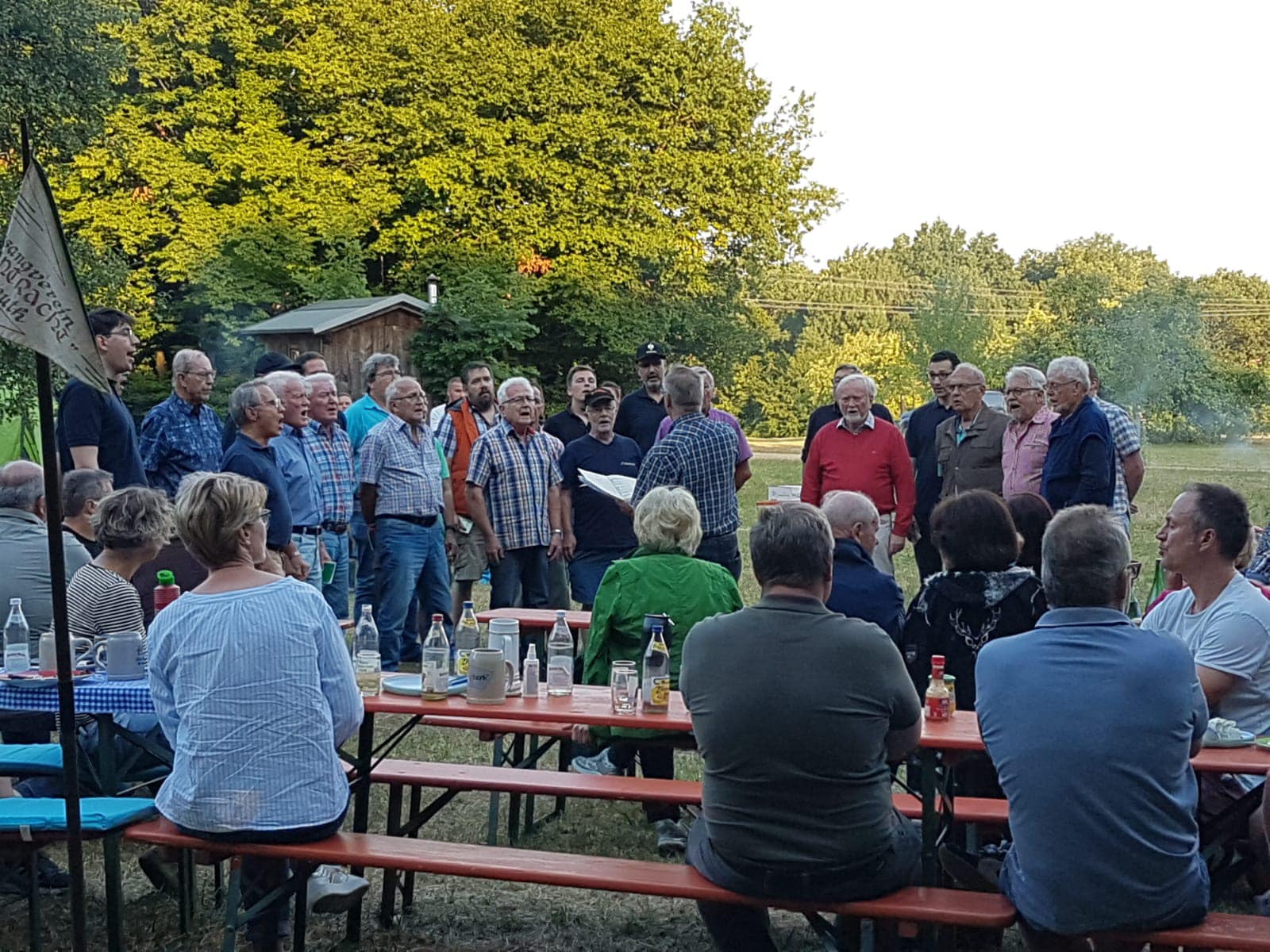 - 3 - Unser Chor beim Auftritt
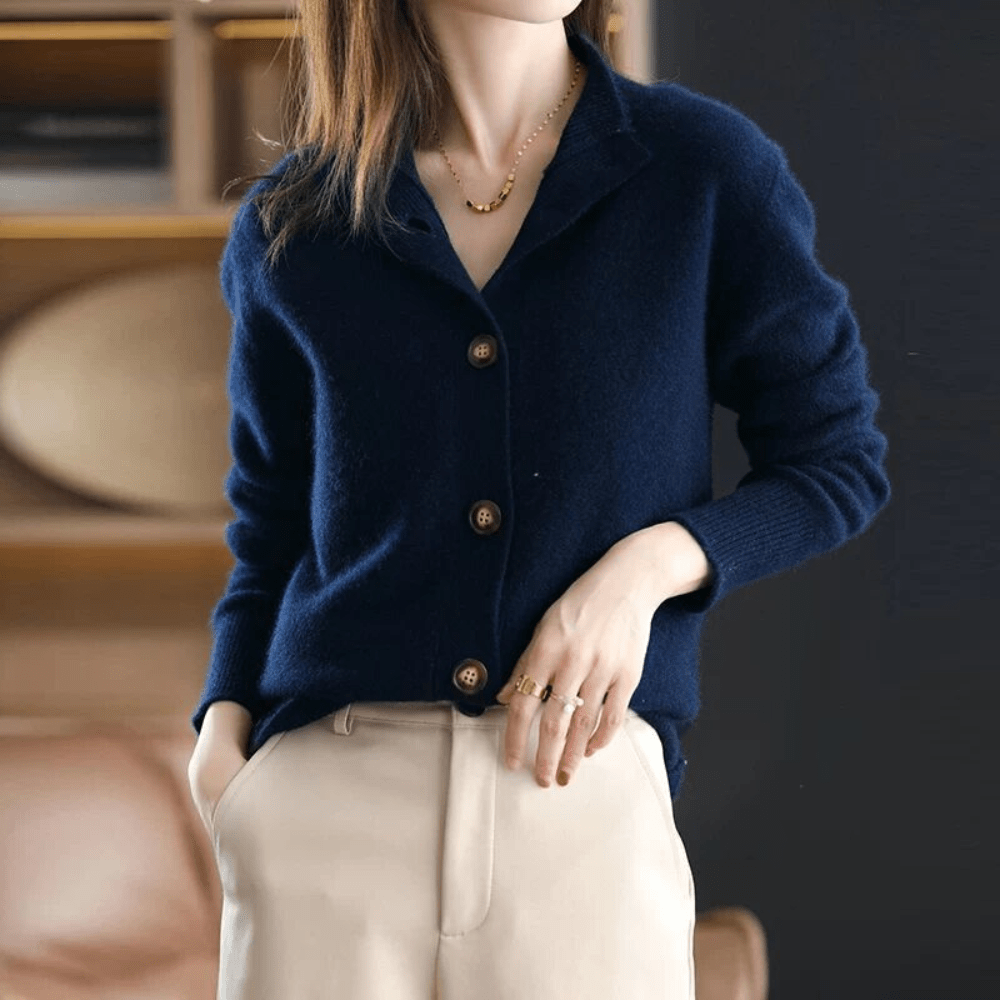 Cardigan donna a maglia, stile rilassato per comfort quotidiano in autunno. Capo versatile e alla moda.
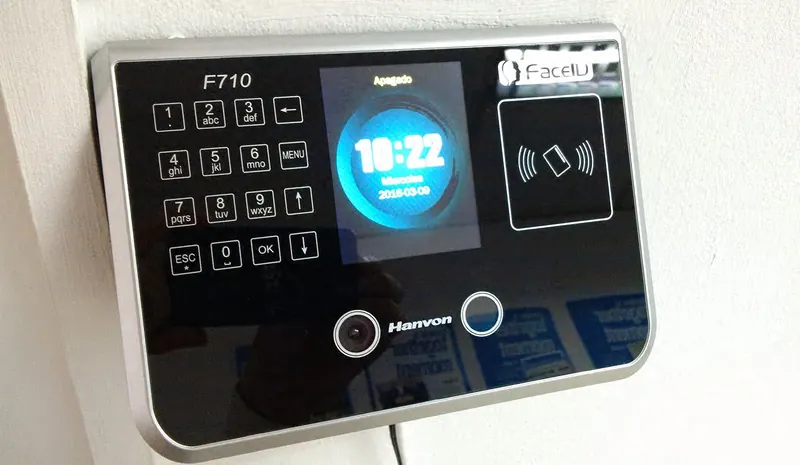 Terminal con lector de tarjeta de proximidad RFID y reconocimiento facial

────

◆ **What is needed**: Retype the listing exactly. Leave the pictures out.

◆ **Problem solution**:
 - 3 - Unser Chor beim Auftritt
 Cardigan donna a maglia, stile rilassato per comfort quotidiano in autunno. Capo versatile e alla moda.
 Terminal con lector de tarjeta de proximidad RFID y reconocimiento facial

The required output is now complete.